配置中心
上一篇介绍了nacos的架构,并解析了注册中心源码,本篇继续解析配置中心,主要介绍客户端实现订阅配置信息的原理,同上一篇一样,分别从客户端和服务端的源码进行分析。
客户端
和注册中心一样,加载过程不做详细介绍了,最终会调用到在试用nacos的SDK时使用过的configService.getConfig,来实现从nacos服务获取相应的配置信息,getConfig内部其实是对OpenAPI请求/nacos/v1/cs/configs(GET)进行了封装,但是其中似乎并没有发现客户端对配置信息的订阅,我们反过来看configService的实现类NacosConfigService的构造方法:
public NacosConfigService(Properties properties) throws NacosException {
String encodeTmp = properties.getProperty(PropertyKeyConst.ENCODE);
if (StringUtils.isBlank(encodeTmp)) {
encode = Constants.ENCODE;
} else {
encode = encodeTmp.trim();
}
initNamespace(properties);
//创建了一个HttpAgent
agent = new MetricsHttpAgent(new ServerHttpAgent(properties));
agent.start();
//工作任务,agent传入
worker = new ClientWorker(agent, configFilterChainManager, properties);
}
重点在工作任务ClientWorker
@SuppressWarnings("PMD.ThreadPoolCreationRule")

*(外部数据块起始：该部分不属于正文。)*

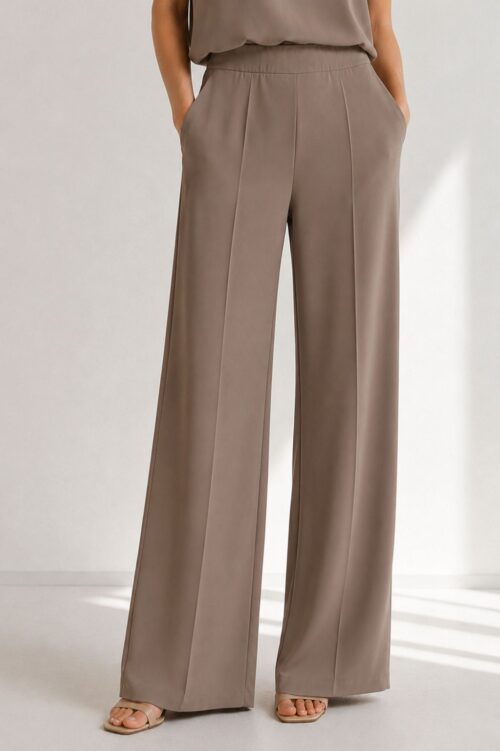 PANTALONE A PALAZZO CON ELASTICO IN VITA IN CADY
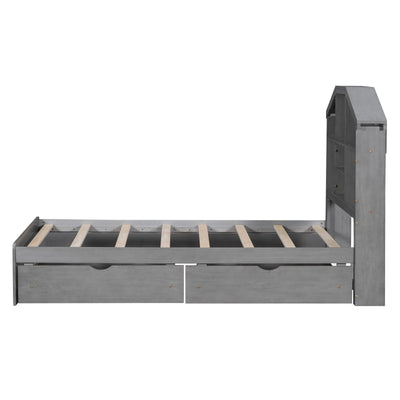 Twin Size Wood Platform Bed With House Storage Headboard And Drawers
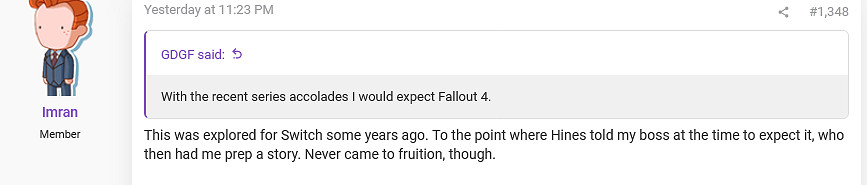 據報導B社曾試圖將《異塵餘生4》移植至Switch主機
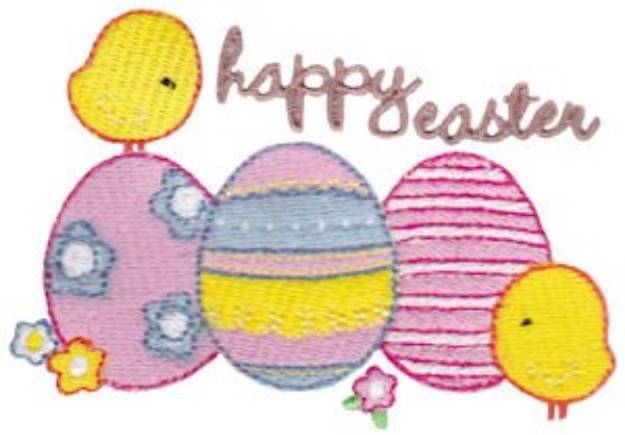 Picture of Happy Easter Chicks Machine Embroidery Design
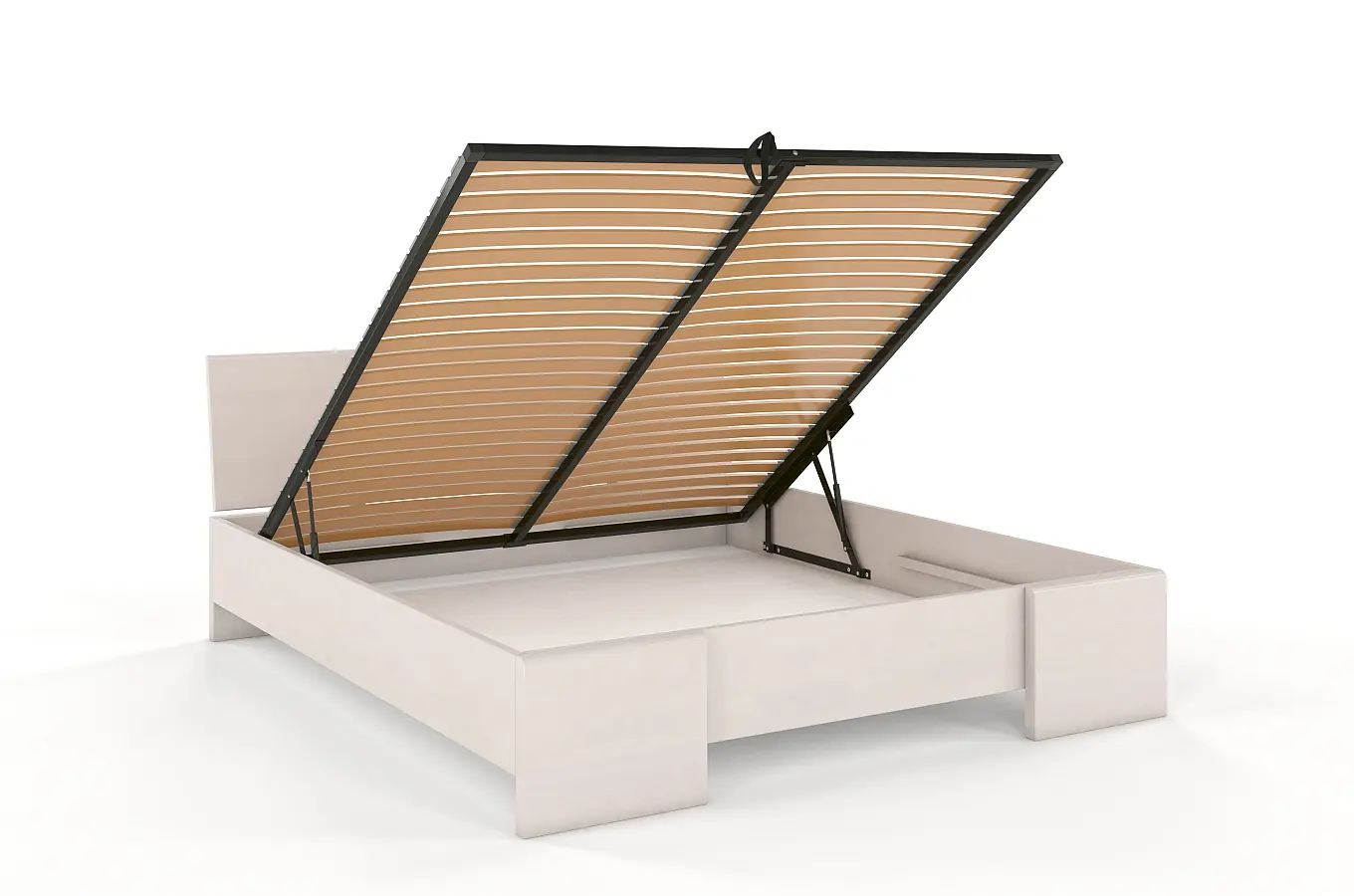 Łóżko drewniane bukowe Visby Hessler High BC (skrzynia na pościel) / 140x200 cm, kolor biały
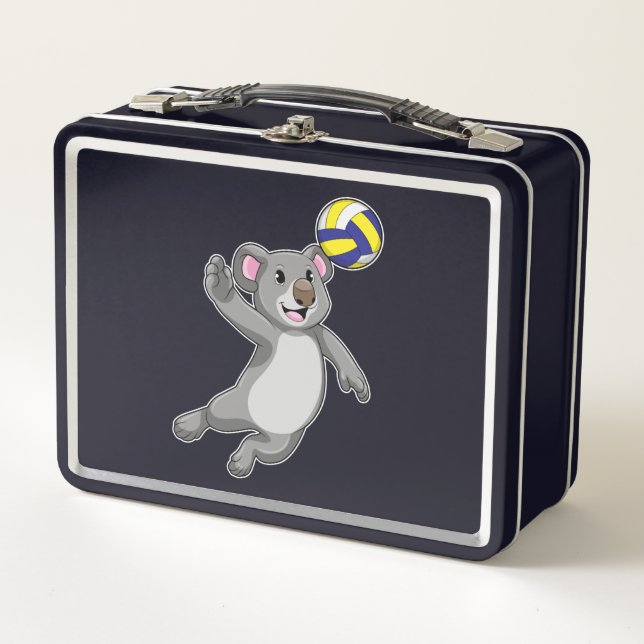 Koala als Volleyballspieler mit Volleyball Metall Brotdose (Vorderseite)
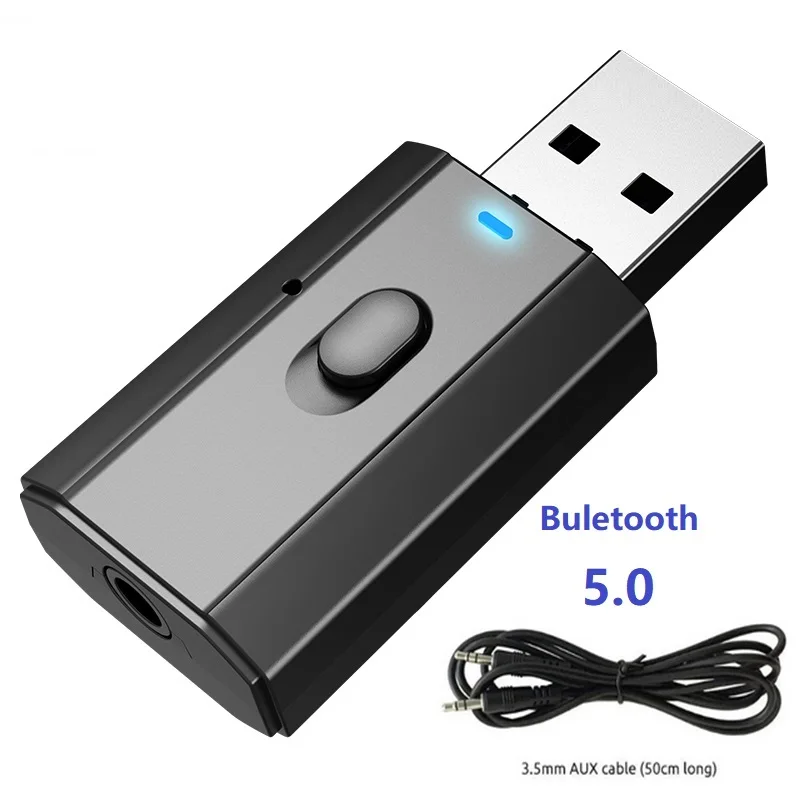 

YP USB Wireless Bluetooth5.0 Adapter Transmitter Receiver Music Audio Hands-free 3.5mm AUX Adaptador for PC TV Car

public ClientWorker(final HttpAgent agent, final ConfigFilterChainManager configFilterChainManager, final Properties properties) {
this.agent = agent;
this.configFilterChainManager = configFilterChainManager;
init(properties);
//一个核心线程的线程池
executor = Executors.newScheduledThreadPool(1, new ThreadFactory() {
@Override
public Thread newThread(Runnable r) {
Thread t = new Thread(r);
t.setName("com.alibaba.nacos.client.Worker." + agent.getName());
t.setDaemon(true);
return t;
}
});
//运行同步任务的线程池
executorService = Executors.newScheduledThreadPool(Runtime.getRuntime().availableProcessors(), new ThreadFactory() {
@Override
public Thread newThread(Runnable r) {
Thread t = new Thread(r);
t.setName("com.alibaba.nacos.client.Worker.longPolling." + agent.getName());
t.setDaemon(true);
return t;
}
});
//延时1秒后开始,每十秒执行一次
executor.scheduleWithFixedDelay(new Runnable() {
@Override
public void run() {
try {
//检查配置信息的变化
checkConfigInfo();
} catch (Throwable e) {
LOGGER.error("[" + agent.getName() + "] [sub-check] rotate check error", e);
}
}
}, 1L, 10L, TimeUnit.MILLISECONDS);
}
可以看出这里每10秒进行一次配置信息的检查,注意这里10秒一次并不是去nacos服务获取配置信息,而是本地所需获取配置项的自查,代码:
public void checkConfigInfo() {
// 配置项总量
int listenerSize = cacheMap.get().size();
// 配置项分批处理,默认3000一组
int longingTaskCount = (int) Math.ceil(listenerSize / ParamUtil.getPerTaskConfigSize());
//如果组数增加,则添加新的线程
if (longingTaskCount > currentLongingTaskCount) {
for (int i = (int) currentLongingTaskCount; i < longingTaskCount; i++) {
//任务线程池添加长轮询LongPollingRunnable线程任务
executorService.execute(new LongPollingRunnable(i));
}
currentLongingTaskCount = longingTaskCount;
}
}
每3000配置项组建一个线程,从名称可以看出是一个长轮询任务,i作为参数传入。
@Override
public void run() {
List<CacheData> cacheDatas = new ArrayList<CacheData>();
List<String> inInitializingCacheList = new ArrayList<String>();
try {
for (CacheData cacheData : cacheMap.get().values()) {
//taskId对应之前的分组,当前线程只操作自己分组的配置项
if (cacheData.getTaskId() == taskId) {
cacheDatas.add(cacheData);
try {
//检查本地配置,将内存中的配置项和存入本地文件的内容对比
checkLocalConfig(cacheData);
if (cacheData.isUseLocalConfigInfo()) {
cacheData.checkListenerMd5();
}
} catch (Exception e) {
LOGGER.error("get local config info error", e);
}
}
}
//去服务端查询,建立长轮询,获取变更项key
//本质是发送一个默认30秒超时的请求到"/nacos/v1/cs/configs/listener(POST)",头信息添加"Long-Pulling-Timeout"标识,默认值30000
List<String> changedGroupKeys = checkUpdateDataIds(cacheDatas, inInitializingCacheList);
for (String groupKey : changedGroupKeys) {
String[] key = GroupKey.parseKey(groupKey);
String dataId = key[0];
String group = key[1];
String tenant = null;
if (key.length == 3) {
tenant = key[2];
}
try {
//读取对应配置信息,并将配置信息写在本地文件中(${user}\nacos\config)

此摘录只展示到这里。